Growing Rhubarb

Growing Rhubarb

How to Grow Rhubarb

Rhubarb is one of those old fashion veggie garden plants that often gets overlooked and forgotten. If you are looking for a productive plant that 'gives' year after year, with only a little bit of care, then this one is for you.

About Rhubarb

Rhubarb's scientific name is Rheum rhabarbarum. It is a herbaceious perennial that grows from short, thick rhizomes. The stalks are edible and known for their strong, tart taste. However, the leaves are poisonous and need to be avoided.

Uses of Rhubarb

The stalks are often stewed with sugar to make a beautiful dessert with icecream or custard. It is also commonly used in dessert pies and even pickled.

Growing Rhubarb

If cared for, Rhubarb will grow and produce well for at least 10 to 15 years; and even longer.

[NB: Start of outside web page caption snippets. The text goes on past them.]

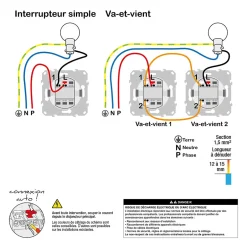 Interrupteur va-et-vient 10A à vis Odace anthracite-Schneider Electric Sale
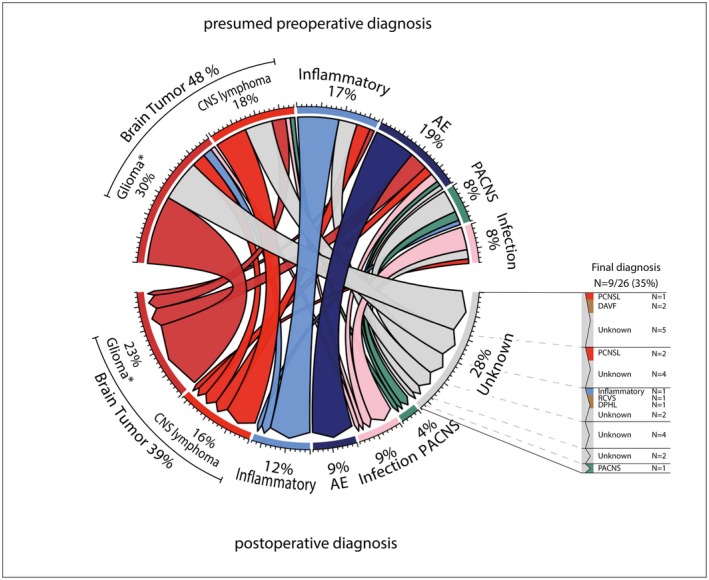 Open Brain Biopsy — Figure 2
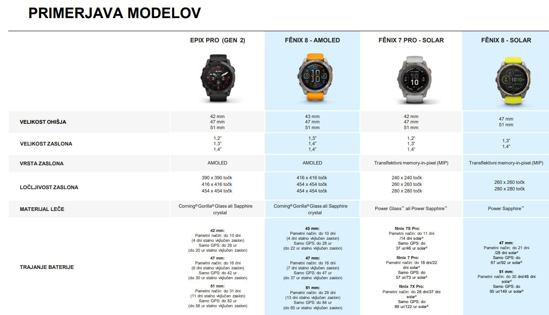 GARMIN športna ura FENIX® 8 AMOLED 010-02903-11 sapphire soft gold, 43 mm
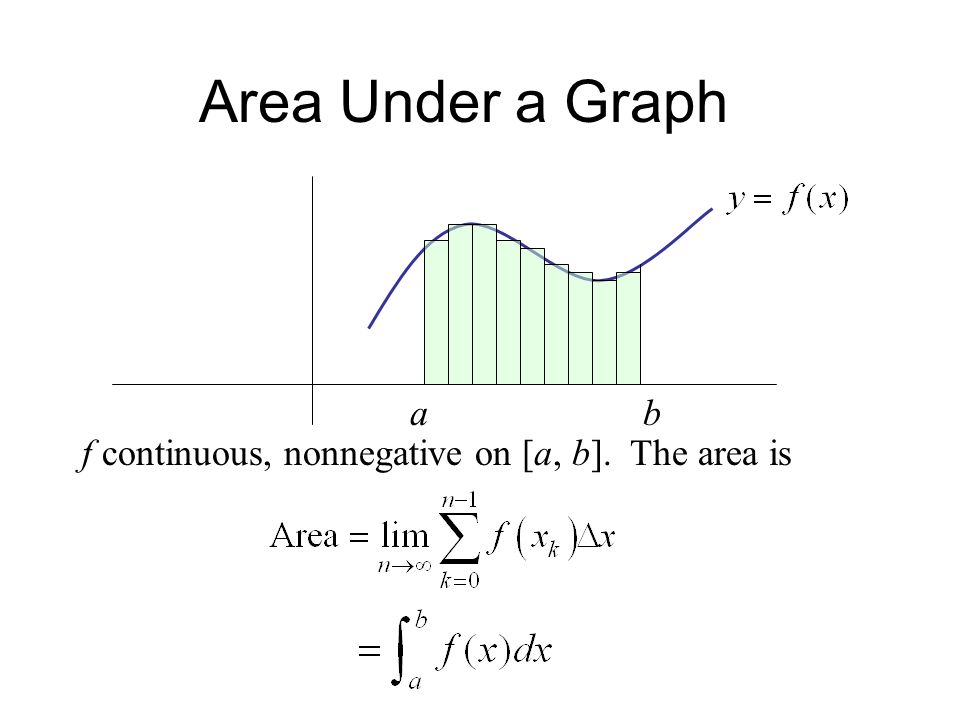 Area Under a Graph a b f continuous, nonnegative on [a, b]. The area is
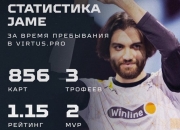 Virtus.pro官宣下放Jame Jame效力vp期间数据一览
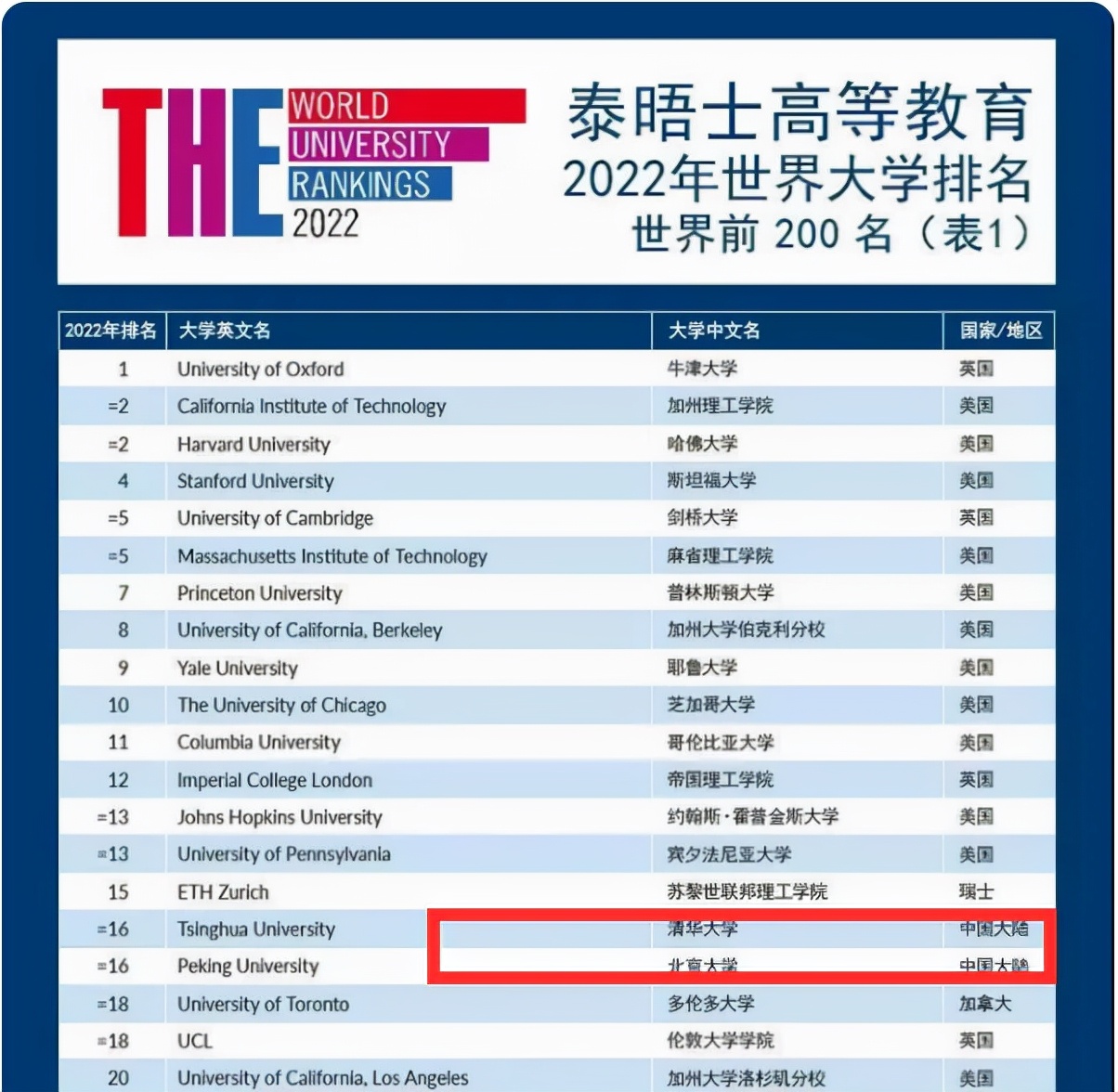 2022世界大学排名出炉，清北成功挤进世界前20，中科大顺利进入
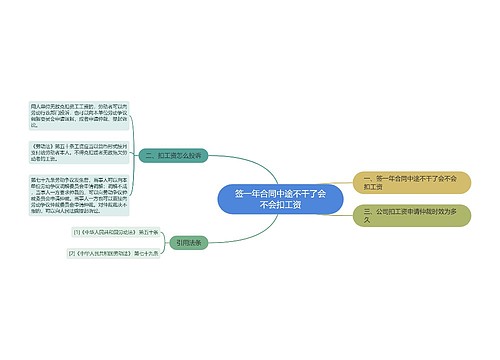 签一年合同中途不干了会不会扣工资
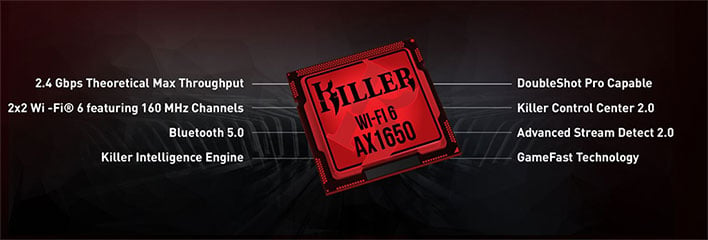 Технические характеристики Killer Wi-Fi 6 AX1650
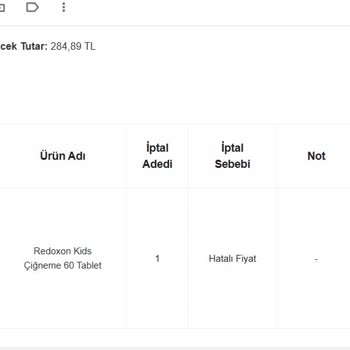 Hatalı Fiyatla İptal Edilen Sipariş Ve Fiyat Artışı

Soming growing specifics are:

  • It is best grown in cooler climates - excessive prolonged heat is its enemy.
  • Rhubarb will tolerate periods of dry.
  • The crown will rot if in excessively wet soils for prolonged periods of time.
  • Slighhtly acidic soil is preferred - pH 6.0 to 6.8.
  • Fertilise regulalry with liberal amounts of well aged manures (must not be fresh - these can burn the leaves).
  • Space rhubarb crowns at least 60cm apart.
  • Once mature, harvest is best during the months of spring.
  • When mature (best at about 5 years) the crown can be divided to produce additional plants. 

With only a little bit of care, you should enjoy your rhubarb for many years to come.